*** Opening of Supplied information ***

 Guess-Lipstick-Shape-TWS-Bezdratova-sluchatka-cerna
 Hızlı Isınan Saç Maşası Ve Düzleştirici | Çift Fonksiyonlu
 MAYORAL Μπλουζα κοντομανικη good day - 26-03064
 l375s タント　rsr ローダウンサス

*** Close of Supplied information ***
*** Opening of Supplied information ***

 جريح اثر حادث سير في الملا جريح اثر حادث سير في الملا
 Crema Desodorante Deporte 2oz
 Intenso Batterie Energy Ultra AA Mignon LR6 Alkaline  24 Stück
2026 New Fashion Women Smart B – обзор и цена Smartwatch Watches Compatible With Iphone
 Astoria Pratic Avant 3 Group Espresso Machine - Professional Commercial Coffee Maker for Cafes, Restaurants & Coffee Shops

*** Close of Supplied information ***

:: Exercise description ::
Among the entries above, copy exactly only the lines starting with the one containing "جريح اثر حادث سير في الملا جريح" and going through the one containing "Astoria Pratic Avant", both ends included.

:: Solution to this exercise ::
 جريح اثر حادث سير في الملا جريح اثر حادث سير في الملا
 Crema Desodorante Deporte 2oz
 Intenso Batterie Energy Ultra AA Mignon LR6 Alkaline  24 Stück
2026 New Fashion Women Smart B – обзор и цена Smartwatch Watches Compatible With Iphone
 Astoria Pratic Avant 3 Group Espresso Machine - Professional Commercial Coffee Maker for Cafes, Restaurants & Coffee Shops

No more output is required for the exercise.